» TASK ITEM: Reproduce the following data exactly, minus any images.

» Extracted data entries:
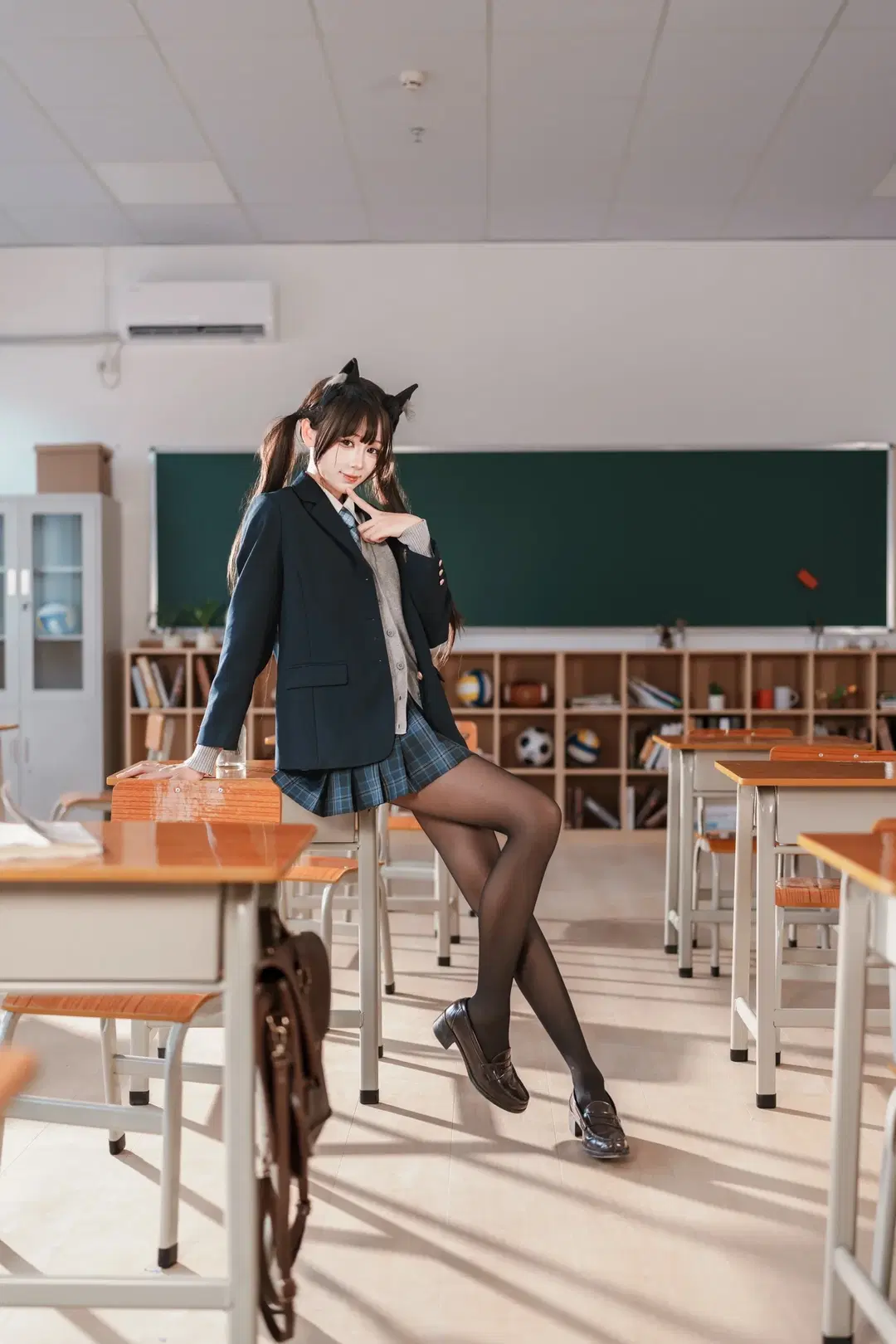 【中野梓cos】輕音少女，放學後的吉他教室 - Shinolise - 第8張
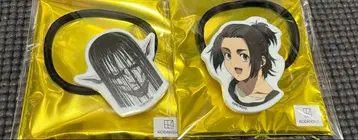 진격의 거인 머리끈 액세서리 밴딩 밴딩 가비 종말의 거인 엘렌 진격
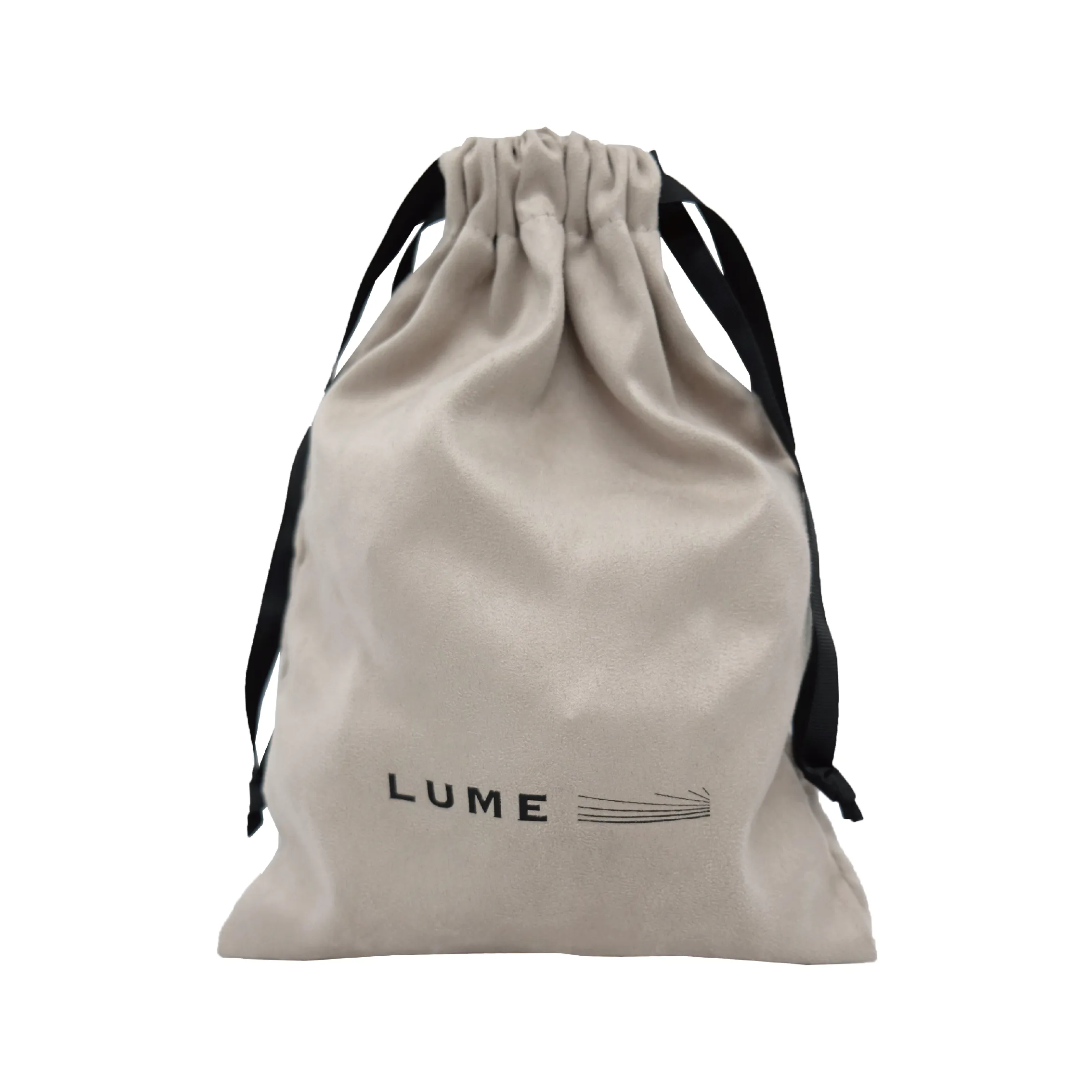 LUME絨布束口袋 - 圖2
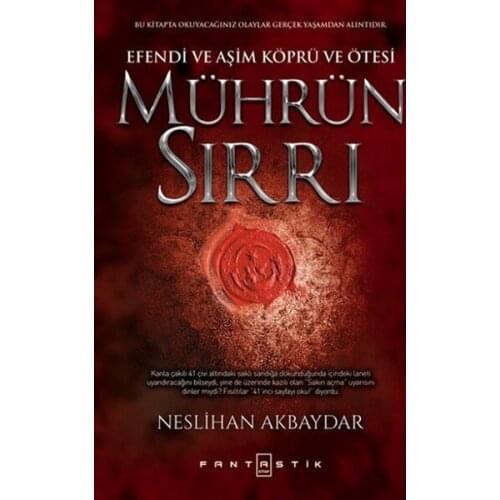 The Secret Of Mührün Different Types Akbaydar Fantastic Book (ENGLISH)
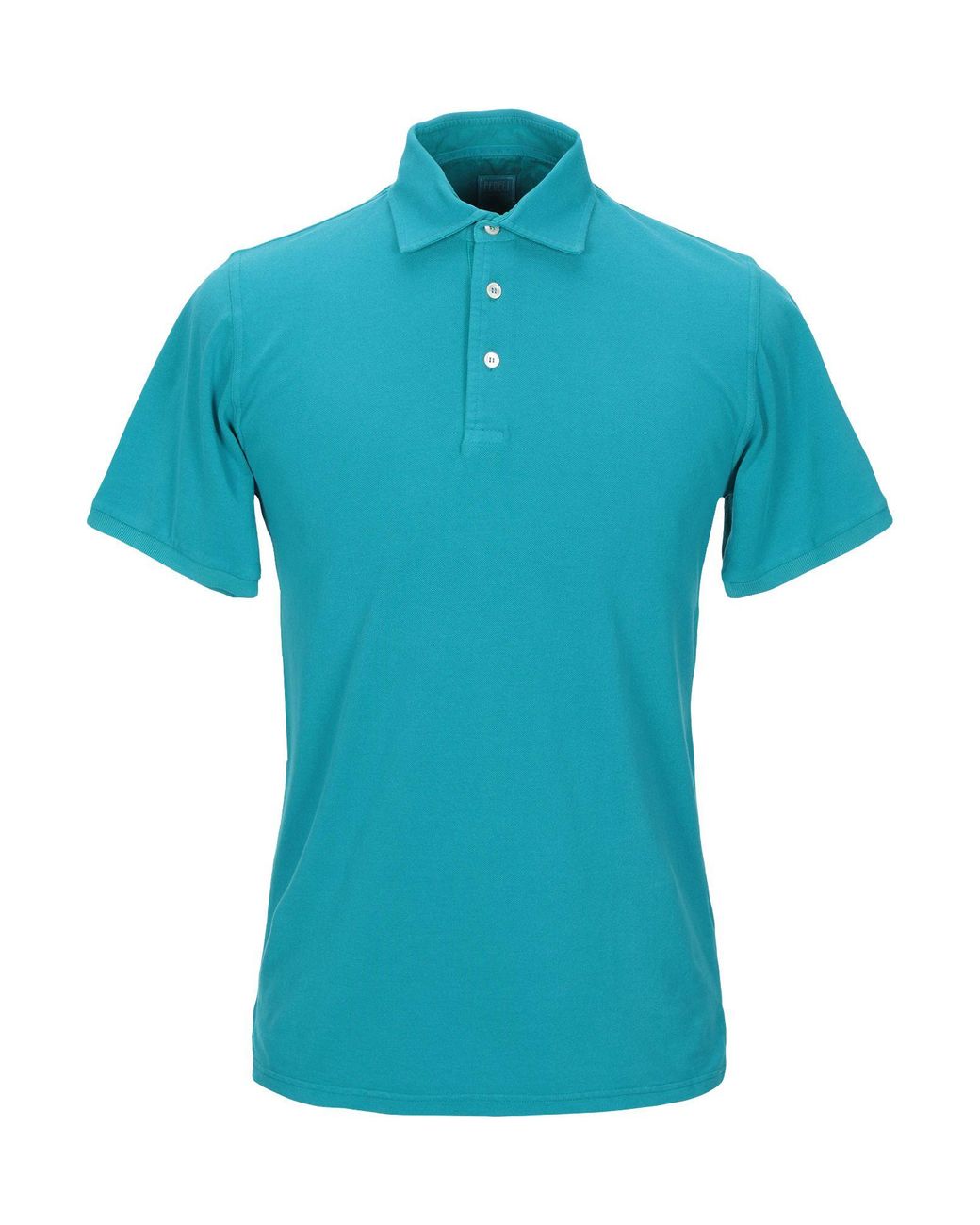 Fedeli Polo Shirt in Turquoise (Blue) for Men - Lyst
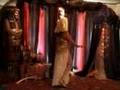 Sensual Pink Pharonic Lotus Flower dance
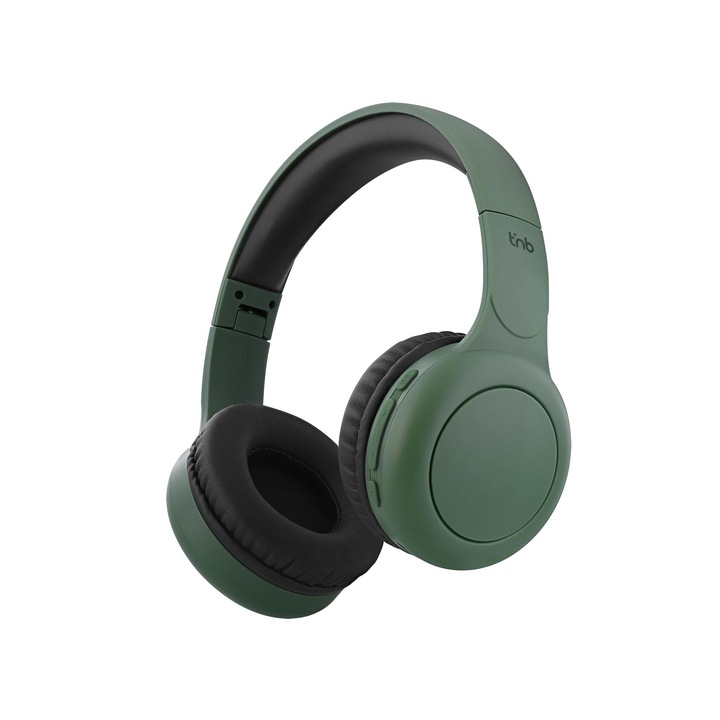 TNB Tonality fejhallgató, vezeték nélküli, zöld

» PROBLEM SOLUTION:
 【中野梓cos】輕音少女，放學後的吉他教室 - Shinolise - 第8張
 진격의 거인 머리끈 액세서리 밴딩 밴딩 가비 종말의 거인 엘렌 진격
 LUME絨布束口袋 - 圖2
 The Secret Of Mührün Different Types Akbaydar Fantastic Book (ENGLISH)
 Fedeli Polo Shirt in Turquoise (Blue) for Men - Lyst
 Sensual Pink Pharonic Lotus Flower dance
 TNB Tonality fejhallgató, vezeték nélküli, zöld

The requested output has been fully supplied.